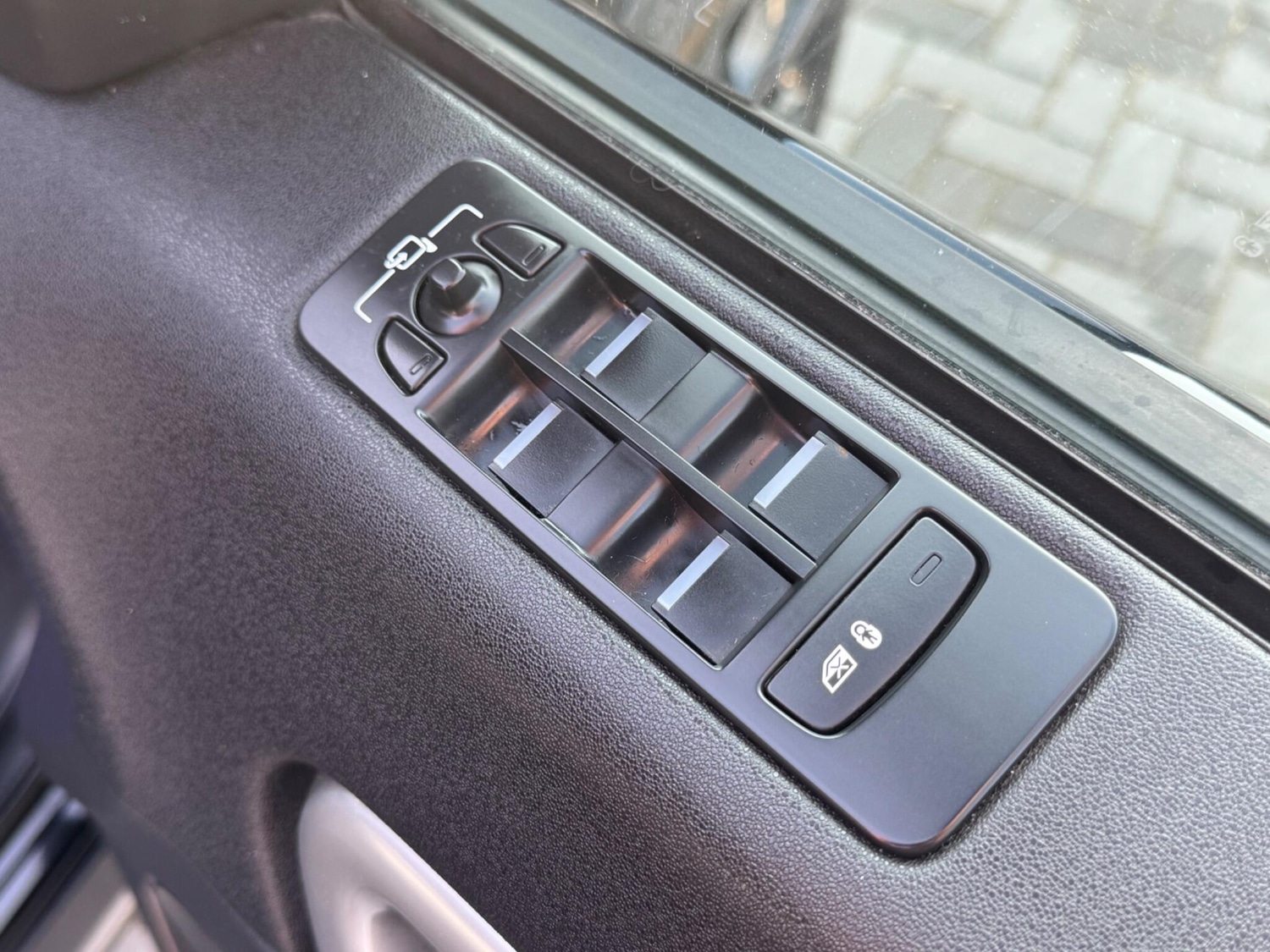 Used Land Rover Discovery Sport 2018 for sale - 77970643: Photo 42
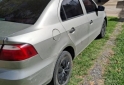 Autos - Volkswagen Voyage 2013 GNC 330000Km - En Venta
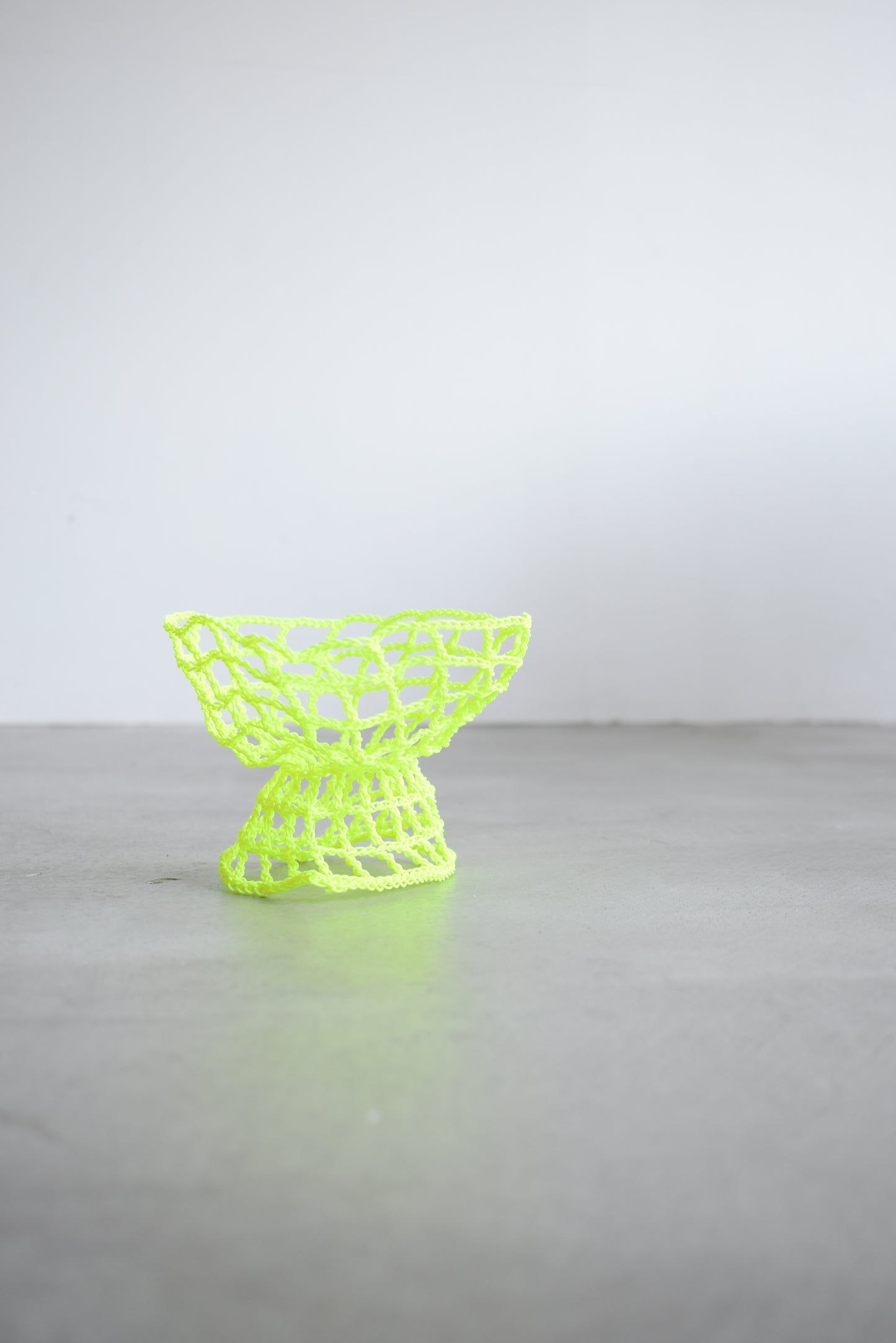 GRID VASE / bowl / bright yellow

Problem details:
Please retype the whole listing above word for word and drop the pictures.

Solved problem:
 Used Land Rover Discovery Sport 2018 for sale - 77970643: Photo 42
 Autos - Volkswagen Voyage 2013 GNC 330000Km - En Venta
 GRID VASE / bowl / bright yellow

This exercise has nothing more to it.